PhotoShop is the gold standard. I use a less expensive program called Paint Shop Pro. Photo editing has taken me a long time to learn. I'm sure people who do this kind of work for a living can tweak photos like yours in no time flat. 

I've looked at Gimp and know some people really like it, but I used PSP before Gimp was made and am reasonably comfortable with it. I don't want to change horses without a good reason.

What I did to your photo was pretty basic. I did three things -- 1. made the photo brighter overall, 2. increased the contrast so the blacks are blacker and the whites are whiter, and 3. increased the saturation so the colors a bit more intense. 

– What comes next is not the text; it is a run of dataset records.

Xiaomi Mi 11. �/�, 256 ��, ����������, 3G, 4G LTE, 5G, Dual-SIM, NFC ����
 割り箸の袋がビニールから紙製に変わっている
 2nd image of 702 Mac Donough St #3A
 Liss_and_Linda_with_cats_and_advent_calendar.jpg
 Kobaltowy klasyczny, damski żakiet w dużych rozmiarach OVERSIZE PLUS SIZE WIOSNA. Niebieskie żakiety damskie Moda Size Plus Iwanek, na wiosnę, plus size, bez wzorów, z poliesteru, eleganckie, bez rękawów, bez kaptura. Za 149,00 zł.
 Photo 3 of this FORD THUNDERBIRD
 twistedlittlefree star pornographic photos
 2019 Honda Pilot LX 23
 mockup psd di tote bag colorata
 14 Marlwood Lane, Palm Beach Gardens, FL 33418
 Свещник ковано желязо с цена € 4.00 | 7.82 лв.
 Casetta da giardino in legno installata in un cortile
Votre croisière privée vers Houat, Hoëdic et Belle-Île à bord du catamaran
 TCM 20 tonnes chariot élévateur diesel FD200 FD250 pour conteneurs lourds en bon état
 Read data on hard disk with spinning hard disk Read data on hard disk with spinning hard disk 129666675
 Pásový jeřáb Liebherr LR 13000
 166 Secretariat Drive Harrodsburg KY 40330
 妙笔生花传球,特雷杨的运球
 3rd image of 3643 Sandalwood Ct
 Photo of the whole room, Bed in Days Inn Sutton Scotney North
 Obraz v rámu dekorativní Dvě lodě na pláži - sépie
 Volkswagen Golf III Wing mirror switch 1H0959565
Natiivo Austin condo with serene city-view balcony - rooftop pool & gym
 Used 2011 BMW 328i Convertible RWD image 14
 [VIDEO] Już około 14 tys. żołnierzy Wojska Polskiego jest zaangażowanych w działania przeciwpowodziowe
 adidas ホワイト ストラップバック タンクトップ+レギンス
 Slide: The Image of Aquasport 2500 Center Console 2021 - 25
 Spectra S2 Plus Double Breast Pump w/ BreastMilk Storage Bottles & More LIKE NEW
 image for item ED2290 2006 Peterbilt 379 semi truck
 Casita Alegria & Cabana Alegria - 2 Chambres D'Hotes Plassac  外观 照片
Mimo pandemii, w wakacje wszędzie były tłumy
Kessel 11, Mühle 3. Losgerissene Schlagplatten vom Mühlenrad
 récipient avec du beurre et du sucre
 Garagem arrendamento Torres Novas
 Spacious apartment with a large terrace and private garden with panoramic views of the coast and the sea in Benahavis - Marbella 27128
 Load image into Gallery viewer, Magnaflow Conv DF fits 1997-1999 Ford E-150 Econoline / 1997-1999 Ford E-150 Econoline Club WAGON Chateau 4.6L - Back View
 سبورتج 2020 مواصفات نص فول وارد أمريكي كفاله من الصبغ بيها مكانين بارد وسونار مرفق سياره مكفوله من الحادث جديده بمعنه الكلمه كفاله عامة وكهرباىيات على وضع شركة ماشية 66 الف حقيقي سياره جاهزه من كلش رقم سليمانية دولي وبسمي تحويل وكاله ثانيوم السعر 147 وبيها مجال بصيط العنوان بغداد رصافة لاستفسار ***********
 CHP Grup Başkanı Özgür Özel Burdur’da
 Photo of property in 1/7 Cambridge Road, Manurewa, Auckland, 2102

There's only so much a person can do with photo editing. What I wanted to do, but couldn't, was make the front of the soap appear brighter without washing out the background or making the black printing on your packaging appear more greyish. That is something more easily fixed when taking the photo rather than afterward. The solution is to add more light to the front of your subject. You don't want a lot of glare off your shiny packaging, but it would work better if the front of the lavender soap is brighter in comparison with the background.

Here is a thread about product photography that you might find helpful: 
http://www.soapmakingforum.com/showthread.php?t=33252


----------



## SoapyGoats (Oct 25, 2013)

I like it! The black looks very nice. Love how you wrap them! Just one thing; I'ld try keep the soap pictures all the same size...


----------